Menuju kemandirian hukum: sejarah dan transformasi KUHP baru indonesia

Abstract

Artikel ini bertujuan untuk mengkaji sejarah keberlakuan hukum pidana kolonial di Indonesia, menganalisis proses reformasi hukum pidana yang berlangsung sejak masa kemerdekaan, serta menjelaskan transformasi yang terjadi hingga lahirnya KUHP Nasional sebagai wujud kemandirian hukum Indonesia. Penelitian ini menggunakan metode penelitian hukum normatif dengan pendekatan sejarah (historical approach) dan pendekatan perundang-undangan (statute approach). Data diperoleh melalui studi literatur terhadap bahan hukum primer, sekunder, dan tersier yang relevan dengan pembaruan hukum pidana nasional. Hasil penelitian menunjukkan bahwa WvS-NI memiliki karakter yang dipengaruhi oleh kepentingan politik hukum kolonial, paradigma pemidanaan yang berorientasi pada pembalasan (retributive justice), serta keterbatasan dalam mengakomodasi nilai-nilai yang hidup dalam masyarakat Indonesia. Proses reformasi hukum pidana berlangsung dalam waktu yang panjang karena kompleksitas kodifikasi hukum pidana, perdebatan akademik, integrasi berbagai nilai sosial, budaya, agama, dan hak asasi manusia, serta dinamika politik hukum nasional.
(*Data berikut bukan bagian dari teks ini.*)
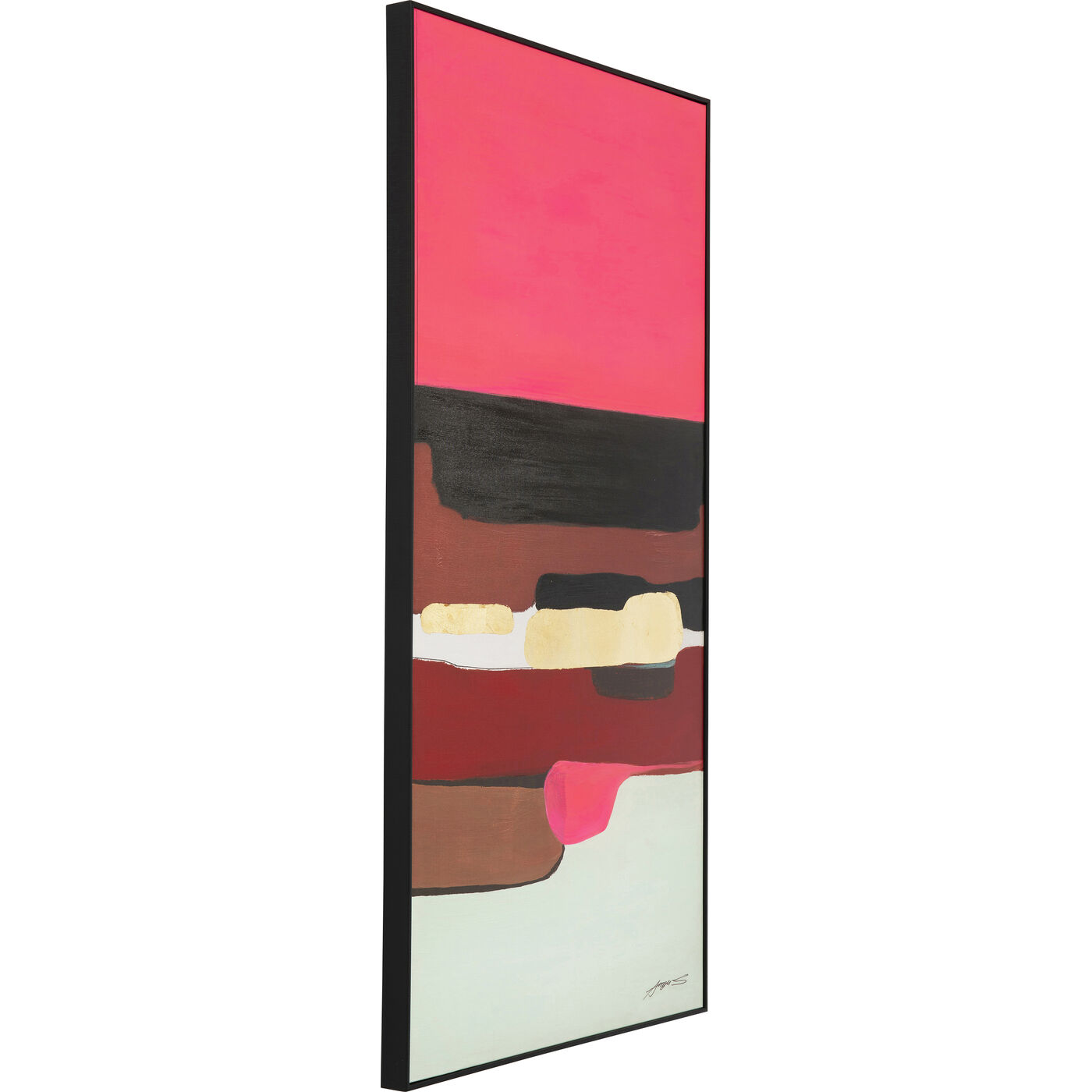 Картина в раме Abstract Shapes Pink 73x143 см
Pengesahan Undang-Undang Nomor 1 Tahun 2023 tentang KUHP menandai transformasi penting melalui penguatan pendekatan restorative justice, diversifikasi sanksi pidana, semangat dekolonisasi hukum, dan perlindungan hak asasi manusia. Dengan demikian, KUHP Nasional menjadi simbol kemandirian hukum Indonesia dalam membangun sistem hukum pidana yang lebih sesuai dengan nilai-nilai Pancasila dan kebutuhan masyarakat modern.